Case ID: ad2d_109/html/0611-01.html
Source: Caselaw Access Project
Author: {"author": "", "license": "Public Domain", "url": "https://static.case.law/"}
Date Created: 2024-08-24T03:29:51.129683

Ralph Fine, Appellant, v Charles Spierer, Respondent.
   — Order, Supreme Court, New York County (Felice Shea, J.), entered October 9, 1984, which denied plaintiff’s motion for an order of attachment, unanimously reversed, on the law, with costs, and the motion for an order of attachment is granted.

On May 19, 1984 plaintiff secured a default judgment in Florida in the sum of $31,460.54, plus interest, based upon the failure of defendant, now a California domiciliary, to pay some 31 promissory notes in the sum of $1,000 each.

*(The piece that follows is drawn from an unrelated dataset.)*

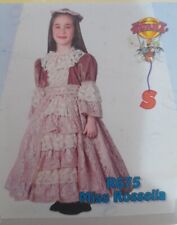 COSTUME CARNEVALE PRINCIPESSA MISS ROSSELLA 8/9 annI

By order to show cause pursuant to CPLR 6201 (4), which authorizes an order of attachment in any action “based on a judgment, decree or order of a court of the United States or of any other court which is entitled to full faith and credit in this state”, plaintiff commenced this action against defendant and sought an order of attachment. The property sought to be attached was defendant’s interest in his mother’s estate under a will probated in the New York County Surrogate’s Court.

Special Term denied plaintiff’s application for attachment, holding that New York lacked jurisdiction under the principle set forth by the United States Supreme Court in Shaffer v Heitner (433 US 186). As formulated by the New York Court of Appeals in Banco Ambrosiano v Artoc Bank & Trust (62 NY2d 65, 71), the Shaffer rule provides: “[W]hen the property serving as the jurisdictional basis has no relationship to the cause of action and there are no other ties among the defendant, the forum and the litigation, quasi-in-rem jurisdiction will be lacking”.

It is, however, apparent that Special Term’s attention had not been invited to the following observations of the Supreme Court in Shaffer, which apply directly to the situation presented (433 US, at p 210): “[W]e know of nothing to justify the assumption that a debtor can avoid paying his obligations by removing his property to a State in which his creditor cannot obtain personal jurisdiction over him. The Full Faith and Credit Clause, after all, makes the valid in personam judgment of one State enforceable in all other States.” In footnote 36 on pages 210-211, the Supreme Court went on to say: “Once it has been determined by a court of competent jurisdiction that the defendant is a debtor of the plaintiff, there would seem to be no unfairness in allowing an action to realize on that debt in a State where the defendant has property, whether or not that State would have jurisdiction to determine the existence of the debt as an original matter”.

The situation presented here appears clearly to fall within the scope of this principle. Accordingly it was error to deny plaintiff’s application for an order of attachment. Concur — Sandler, J. P., Asch, Fein and Kassal, JJ.